Theater as Church
We want to know that we are genuine, relatable characters in God’s story.
Movies move people. Remember the last time you cried during a dramatic scene, felt inspired by a triumphant act or got so captured by a story that you forgot you were in the theater? Great movies connect with audiences on a personal level while pulling them into the experience of the film.
But movies are more than entertainment. They offer an opportunity to process life issues and search for deeper meaning in life’s events. In his book Reel Spirituality, Dr. Robert Johnston from Fuller Theological Seminary notes: “Along with the church, the synagogue, the mosque and the temple, [movies] often provide people stories through which they can understand their lives....”
In fact, many people find their most religious experiences in a dark theater where they can, for the moment, live vicariously through the characters onscreen.
Films wield the power of make-believe—that is, they mean to “make you believe.” You can envision possible realities, sympathize with characters, identify with issues, or try on new values and beliefs that are not yet your own. Through story, you can live out the struggle of finding hope in evil times (Lord of the Rings), discover triumph in your own voice (The King’s Speech) or bask in the wonder of paradise (Avatar).
The science-fiction adventure Avatar raked in $467.9 million in 2010 alone, but no one expected its deep psychological impact. CNN followed an Internet thread of more than 1,000 posts from viewers suffering from depression when the movie ended and they realized that the beautiful, pantheistic Pandora was not real1.
How do we reach a culture that finds spiritual experiences in the theater?
The first is simply to remember that you interact with this culture both inside and outside your church walls. The second is to understand the power of story itself.
Stories: wrapping the objective in the subjective
Propositional approaches may be the most direct and simple form of communication for those of us who teach, but they are not the only pedagogical means. When you contextualize truth in story form, you create experiences where those truths can be tested vicariously and tasted imaginatively. Subjective experiences can then be powerful conduits for discovering objective truths.
We see Jesus employing such practices when he couched truths in parables and when he interacted with real people. We can imagine ourselves as Martha, as the hemorrhaging woman or as the leper.
We, too, can tap into this story-loving culture by telling stories that indicate God’s common grace or illustrate biblical truths, or that simply tell the truth about humanity. Listen to the stories that others are telling—the stories in the news that capture people’s attention. Look for the virtues, worldviews, values and beliefs that drive the story, or where there’s a lack of such things that halt the story. See how characters and people wrestle with and exercise their worldviews. If a story touched a person, he/she resonated with the worldviews undergirding the story.

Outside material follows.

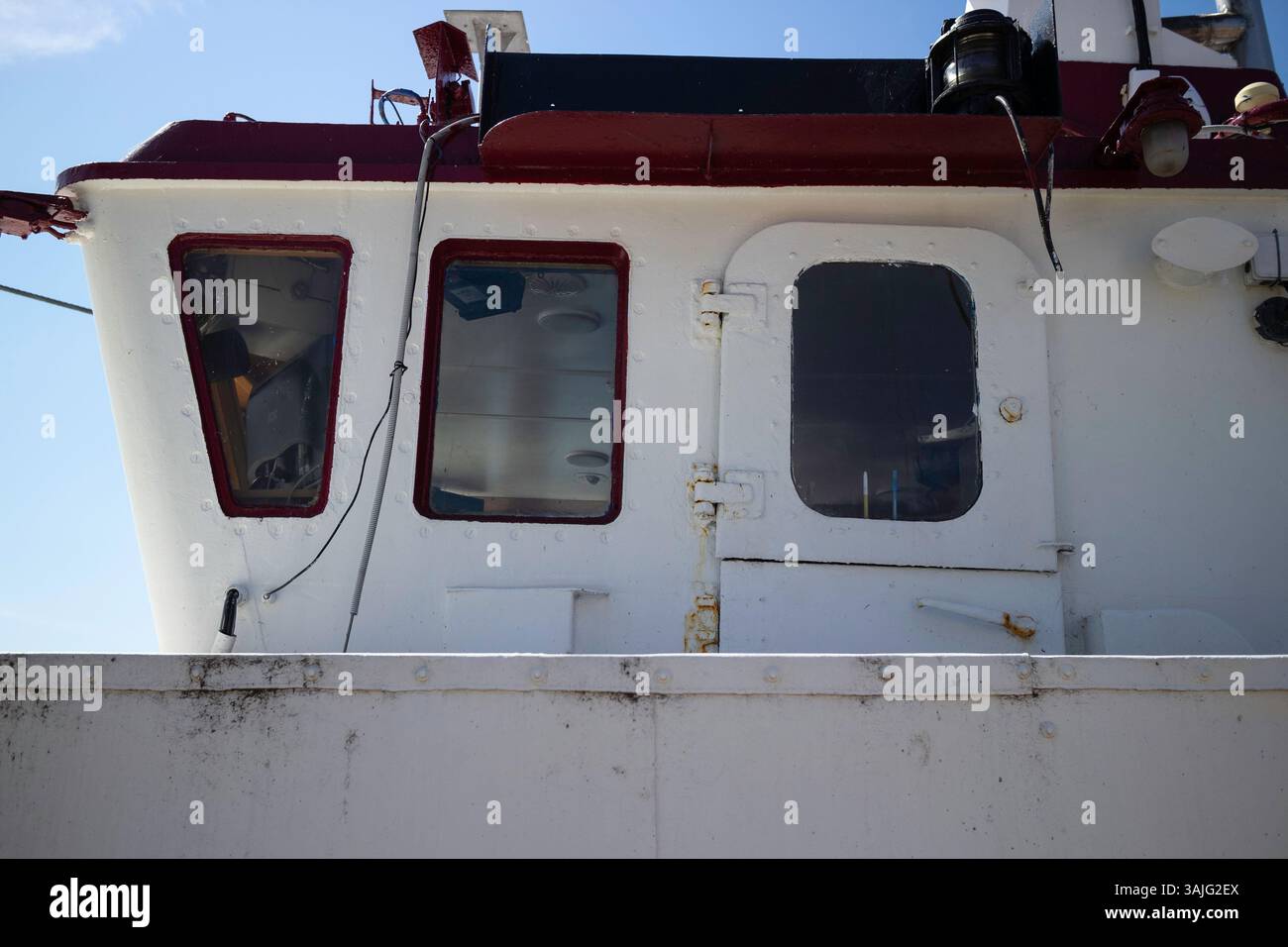 Ein Boot mit rotem Oberteil und weißem Boden. Die Oberseite ist offen und die Unterseite ist geschlossen Stockfoto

At the very least, stories may reveal to us what society is thinking—that in itself makes films a point of conversation.
Telling stories in church?
But what if our sermons and worship services also followed a story structure? Instead of treating the components of a service (worship, message, tithing, etc.) as separate agenda items, could we see them as chapters that allow our service to tell a story? Might we incorporate a narrative structure in both our sermons and services to forge a scenario that makes truth palatable?
Great stories have a beginning, middle and end. They take the audience on a journey with the main character through an encounter with a problem/challenge, a call-to-action, the facing of obstacles, the overcoming of trials and failures, the learning of universal lessons, the experience of inward change, and the achievement of a worthy triumph that comes at a cost.
The narrative experience creates a process of discovery. Imagine taking people through a narrative experience of worship from the moment they enter your Sunday service doors.
(Here’s where I should make the point that learning about the craft of stories is crucial. If we have great content but don’t tell our stories well, we surrender a good story experience. This all sounds like more work, but that tends to be the case with creativity.)
In our movie-going culture, people want to see and experience the truth we profess. They want to see that we are genuine, relatable characters in God’s story.
But just as in the films they watch, people don’t want to see their own lives mirrored exactly; they know they are far from perfect. Instead, they want to see some redemption and triumph. They want to see something extraordinary arise out of the relatable ordinary.
That’s what our worship and church experiences can offer. Through our redeemed stories and lived-out worldviews of truth, may we offer an experience of the gospel in our churches and in our day-to-day conversations—not arrogantly, as one who stands outside of The Story we profess, but as honest sinners saved by grace within The Story to which we are witnesses.